> [Source material]:
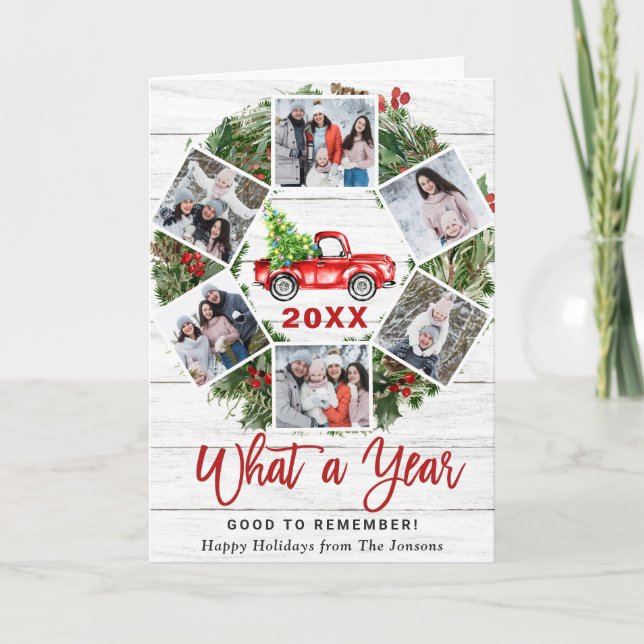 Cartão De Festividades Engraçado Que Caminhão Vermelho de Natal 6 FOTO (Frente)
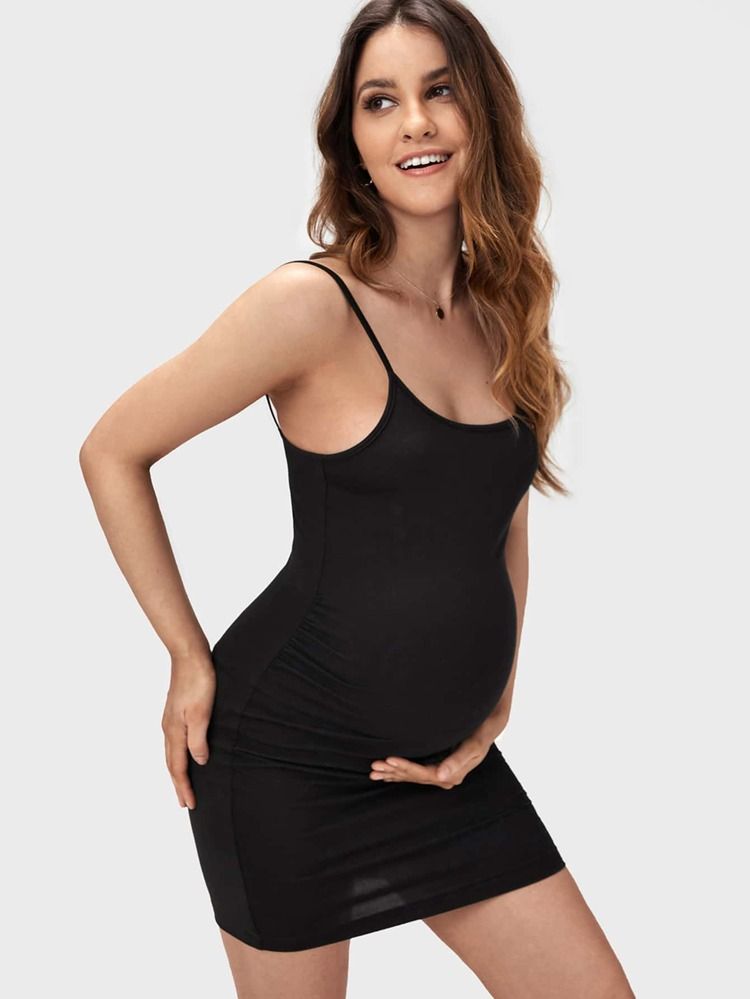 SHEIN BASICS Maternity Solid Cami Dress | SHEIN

* * *

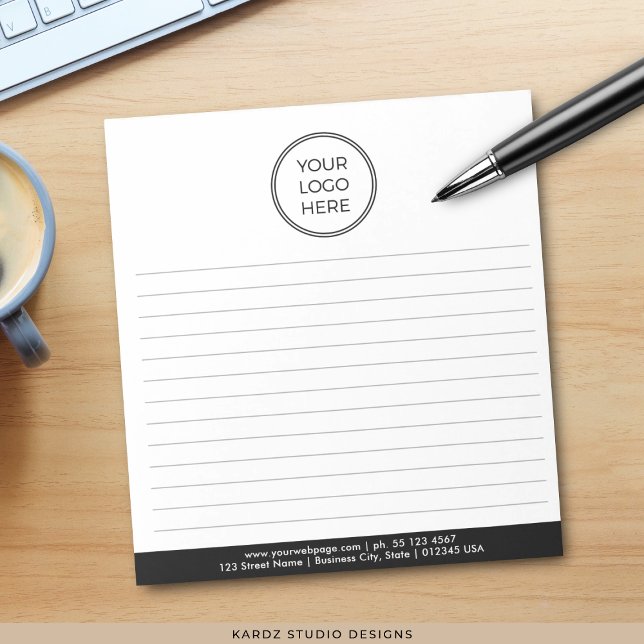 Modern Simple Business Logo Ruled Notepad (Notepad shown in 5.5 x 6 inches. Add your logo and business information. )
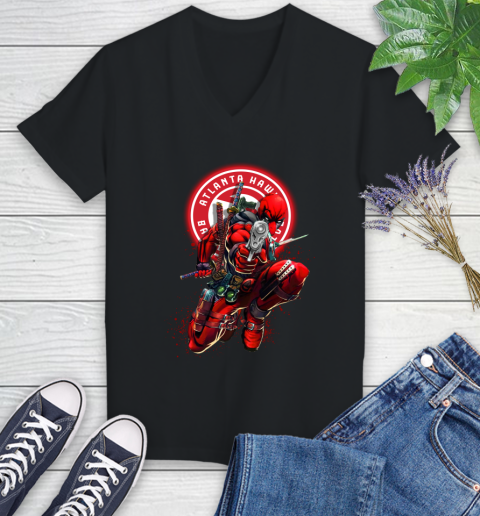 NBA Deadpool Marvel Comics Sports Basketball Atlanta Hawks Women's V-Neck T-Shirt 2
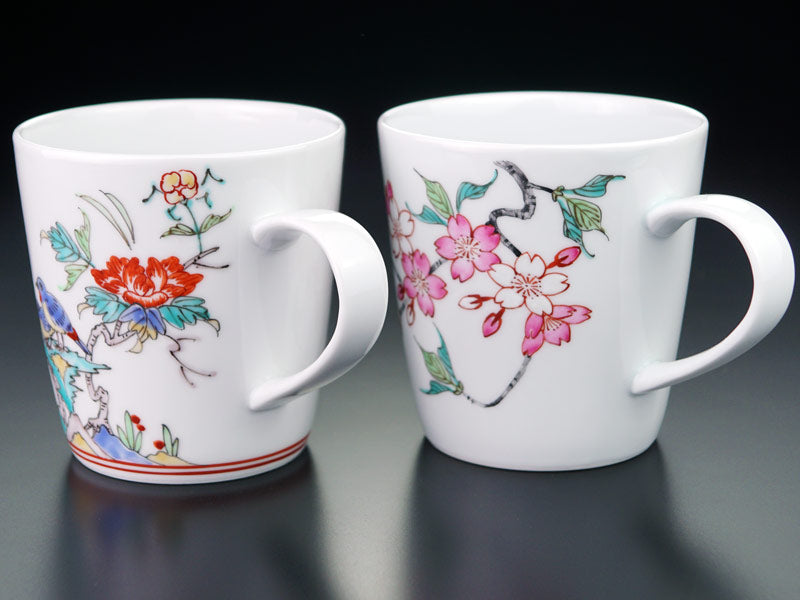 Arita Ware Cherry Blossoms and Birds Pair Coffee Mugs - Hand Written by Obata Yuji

> [The task]: Look above for the line with "Modern Simple Business" and the line with "Arita Ware Cherry", then copy exactly the lines from the first through the second, both kept, with no pictures.

> [Answer box]:
 Modern Simple Business Logo Ruled Notepad (Notepad shown in 5.5 x 6 inches. Add your logo and business information. )
 NBA Deadpool Marvel Comics Sports Basketball Atlanta Hawks Women's V-Neck T-Shirt 2
 Arita Ware Cherry Blossoms and Birds Pair Coffee Mugs - Hand Written by Obata Yuji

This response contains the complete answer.